Overview
Join to apply for the Head QA, manufacturing equipment qualification CQV 80-100% role at Lonza .
Location: Stein, Switzerland. Relocation assistance is available for eligible candidates and their families, if needed.
Lonza is a global leader in life sciences. As Head QA, manufacturing equipment qualification CQV, you will be part of the Site Quality Leadership team, shaping the quality landscape at Lonza AG in Stein, and contribute to integrating a Greenfield project (building several new production lines) into the existing manufacturing environment.
What You’ll Get
An agile career and dynamic working culture
An inclusive and ethical workplace
Compensation programs that recognize high performance
A wide range of lifestyle, family and leisure benefits; full list of local benefits is available
Key responsibilities
Establish and maintain the Equipment Qualification System at Lonza Drug Product Services (DPS), including commissioning, process and computerized systems validation, and qualification of manufacturing equipment.

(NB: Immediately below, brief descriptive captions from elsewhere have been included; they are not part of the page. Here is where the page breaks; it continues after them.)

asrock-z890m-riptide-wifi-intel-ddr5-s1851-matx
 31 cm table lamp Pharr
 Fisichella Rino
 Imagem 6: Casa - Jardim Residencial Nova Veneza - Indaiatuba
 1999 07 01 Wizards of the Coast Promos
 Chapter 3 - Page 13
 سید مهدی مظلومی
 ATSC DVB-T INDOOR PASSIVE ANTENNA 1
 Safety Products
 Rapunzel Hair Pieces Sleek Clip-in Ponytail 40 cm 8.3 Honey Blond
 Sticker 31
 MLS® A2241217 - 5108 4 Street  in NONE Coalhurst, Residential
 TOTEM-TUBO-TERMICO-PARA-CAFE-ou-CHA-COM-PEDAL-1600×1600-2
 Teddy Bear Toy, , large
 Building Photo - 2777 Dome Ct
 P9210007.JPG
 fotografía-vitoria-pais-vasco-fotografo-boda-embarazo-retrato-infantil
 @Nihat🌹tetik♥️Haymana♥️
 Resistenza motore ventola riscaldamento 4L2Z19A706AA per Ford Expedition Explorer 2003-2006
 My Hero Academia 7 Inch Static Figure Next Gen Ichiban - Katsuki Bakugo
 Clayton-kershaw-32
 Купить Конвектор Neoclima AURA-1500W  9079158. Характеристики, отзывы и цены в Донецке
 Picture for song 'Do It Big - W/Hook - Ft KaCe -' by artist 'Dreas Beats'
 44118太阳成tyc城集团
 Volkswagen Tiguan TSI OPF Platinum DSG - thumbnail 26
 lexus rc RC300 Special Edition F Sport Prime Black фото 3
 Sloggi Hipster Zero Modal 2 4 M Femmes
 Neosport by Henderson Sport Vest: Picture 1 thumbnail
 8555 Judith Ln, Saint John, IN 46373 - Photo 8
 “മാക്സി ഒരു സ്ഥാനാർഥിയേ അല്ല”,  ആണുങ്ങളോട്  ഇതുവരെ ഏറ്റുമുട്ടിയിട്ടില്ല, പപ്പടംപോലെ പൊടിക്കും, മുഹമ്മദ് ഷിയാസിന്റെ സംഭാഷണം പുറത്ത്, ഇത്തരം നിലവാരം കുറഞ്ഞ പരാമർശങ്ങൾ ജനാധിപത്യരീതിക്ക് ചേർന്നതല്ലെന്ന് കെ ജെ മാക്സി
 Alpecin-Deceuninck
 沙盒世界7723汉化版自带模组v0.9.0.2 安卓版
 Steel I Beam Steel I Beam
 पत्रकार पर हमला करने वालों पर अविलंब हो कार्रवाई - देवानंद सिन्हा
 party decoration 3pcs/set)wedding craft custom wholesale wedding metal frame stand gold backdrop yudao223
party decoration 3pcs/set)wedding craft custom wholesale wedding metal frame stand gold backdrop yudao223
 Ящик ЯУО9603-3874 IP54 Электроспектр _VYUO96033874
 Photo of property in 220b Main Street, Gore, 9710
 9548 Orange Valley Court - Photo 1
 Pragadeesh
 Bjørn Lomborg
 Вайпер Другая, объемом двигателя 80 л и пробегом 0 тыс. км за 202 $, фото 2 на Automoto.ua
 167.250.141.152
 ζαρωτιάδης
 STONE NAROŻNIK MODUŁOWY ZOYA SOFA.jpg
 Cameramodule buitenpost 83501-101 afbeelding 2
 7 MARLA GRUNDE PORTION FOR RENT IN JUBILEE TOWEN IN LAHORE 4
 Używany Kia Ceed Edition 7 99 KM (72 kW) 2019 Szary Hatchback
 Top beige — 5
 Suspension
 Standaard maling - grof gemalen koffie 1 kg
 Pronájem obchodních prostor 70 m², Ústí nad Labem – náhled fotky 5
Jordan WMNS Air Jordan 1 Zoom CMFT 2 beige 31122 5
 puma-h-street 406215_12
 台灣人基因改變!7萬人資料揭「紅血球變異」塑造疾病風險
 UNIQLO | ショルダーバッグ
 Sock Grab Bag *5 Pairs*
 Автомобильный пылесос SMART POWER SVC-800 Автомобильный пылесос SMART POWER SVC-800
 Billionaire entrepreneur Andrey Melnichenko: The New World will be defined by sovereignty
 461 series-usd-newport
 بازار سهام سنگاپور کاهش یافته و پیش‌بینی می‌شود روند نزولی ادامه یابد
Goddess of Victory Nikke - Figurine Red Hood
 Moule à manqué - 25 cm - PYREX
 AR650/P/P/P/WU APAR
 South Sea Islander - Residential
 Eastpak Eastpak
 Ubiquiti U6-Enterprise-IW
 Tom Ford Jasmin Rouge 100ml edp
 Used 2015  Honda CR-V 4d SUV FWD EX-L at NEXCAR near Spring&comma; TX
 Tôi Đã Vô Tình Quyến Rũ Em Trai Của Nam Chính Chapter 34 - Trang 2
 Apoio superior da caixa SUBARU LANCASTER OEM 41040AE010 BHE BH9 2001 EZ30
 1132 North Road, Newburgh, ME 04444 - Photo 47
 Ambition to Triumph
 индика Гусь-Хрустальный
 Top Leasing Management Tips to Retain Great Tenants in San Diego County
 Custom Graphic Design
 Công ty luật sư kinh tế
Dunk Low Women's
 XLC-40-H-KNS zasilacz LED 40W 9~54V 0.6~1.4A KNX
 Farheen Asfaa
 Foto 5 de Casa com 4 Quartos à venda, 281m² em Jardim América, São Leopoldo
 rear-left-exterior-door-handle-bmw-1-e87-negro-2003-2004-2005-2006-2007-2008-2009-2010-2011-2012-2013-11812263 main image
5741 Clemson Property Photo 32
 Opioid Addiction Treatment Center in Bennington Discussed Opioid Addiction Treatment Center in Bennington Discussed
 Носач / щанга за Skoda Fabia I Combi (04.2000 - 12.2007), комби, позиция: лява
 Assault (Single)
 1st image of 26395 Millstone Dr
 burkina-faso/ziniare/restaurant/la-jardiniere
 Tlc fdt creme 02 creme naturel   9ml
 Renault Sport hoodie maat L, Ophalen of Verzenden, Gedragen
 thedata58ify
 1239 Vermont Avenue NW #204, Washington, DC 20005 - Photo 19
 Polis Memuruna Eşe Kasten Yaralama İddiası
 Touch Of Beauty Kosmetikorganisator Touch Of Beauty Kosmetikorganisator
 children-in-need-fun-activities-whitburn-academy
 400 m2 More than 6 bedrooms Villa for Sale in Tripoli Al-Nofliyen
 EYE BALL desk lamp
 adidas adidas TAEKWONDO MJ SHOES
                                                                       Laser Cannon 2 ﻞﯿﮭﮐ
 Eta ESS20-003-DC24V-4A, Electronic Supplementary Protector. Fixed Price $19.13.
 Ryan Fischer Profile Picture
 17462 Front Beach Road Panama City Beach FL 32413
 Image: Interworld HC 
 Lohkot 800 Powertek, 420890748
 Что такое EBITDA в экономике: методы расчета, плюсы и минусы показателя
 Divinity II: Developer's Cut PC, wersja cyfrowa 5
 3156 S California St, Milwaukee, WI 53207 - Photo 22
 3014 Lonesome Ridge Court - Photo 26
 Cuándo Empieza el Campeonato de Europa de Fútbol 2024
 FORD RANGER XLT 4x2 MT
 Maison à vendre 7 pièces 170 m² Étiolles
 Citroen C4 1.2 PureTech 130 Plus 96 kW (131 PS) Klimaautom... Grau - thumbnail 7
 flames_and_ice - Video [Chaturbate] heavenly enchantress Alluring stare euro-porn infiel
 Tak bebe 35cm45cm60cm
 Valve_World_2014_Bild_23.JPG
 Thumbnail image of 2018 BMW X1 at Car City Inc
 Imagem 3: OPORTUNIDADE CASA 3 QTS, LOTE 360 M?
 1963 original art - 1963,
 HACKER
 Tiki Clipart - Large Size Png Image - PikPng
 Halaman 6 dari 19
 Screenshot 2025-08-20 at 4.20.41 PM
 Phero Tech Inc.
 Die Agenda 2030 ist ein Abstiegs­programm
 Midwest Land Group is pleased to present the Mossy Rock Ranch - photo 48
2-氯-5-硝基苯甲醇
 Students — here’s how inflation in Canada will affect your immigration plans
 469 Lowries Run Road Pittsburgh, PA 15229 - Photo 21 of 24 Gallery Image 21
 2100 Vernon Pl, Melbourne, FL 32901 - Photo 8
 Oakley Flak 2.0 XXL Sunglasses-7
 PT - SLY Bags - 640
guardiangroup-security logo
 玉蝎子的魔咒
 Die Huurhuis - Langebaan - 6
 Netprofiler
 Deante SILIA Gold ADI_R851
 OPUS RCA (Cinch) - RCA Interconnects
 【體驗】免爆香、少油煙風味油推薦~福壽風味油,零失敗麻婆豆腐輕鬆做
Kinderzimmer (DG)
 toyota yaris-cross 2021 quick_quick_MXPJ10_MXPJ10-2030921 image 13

Lead and develop a team of QA Experts, guiding them in line with Lonza’s values and behaviors, including objective setting, performance evaluations, development planning, and participation in recruiting. Promote high performance and trust; identify proficiency gaps.
Ensure accurate qualification of equipment, infrastructure, and computerized systems by adhering to corresponding VMPs. Support and implement global CQV procedures. Serve as the first contact for documents related to equipment, infrastructure, and computerized systems qualification & maintenance within QA.
Supervise compliance activities such as GMP status, trend analysis of equipment, qualification/re-qualification related to supplier qualification, changes, nonconformities, CAPAs, audit/inspection observations, and document management.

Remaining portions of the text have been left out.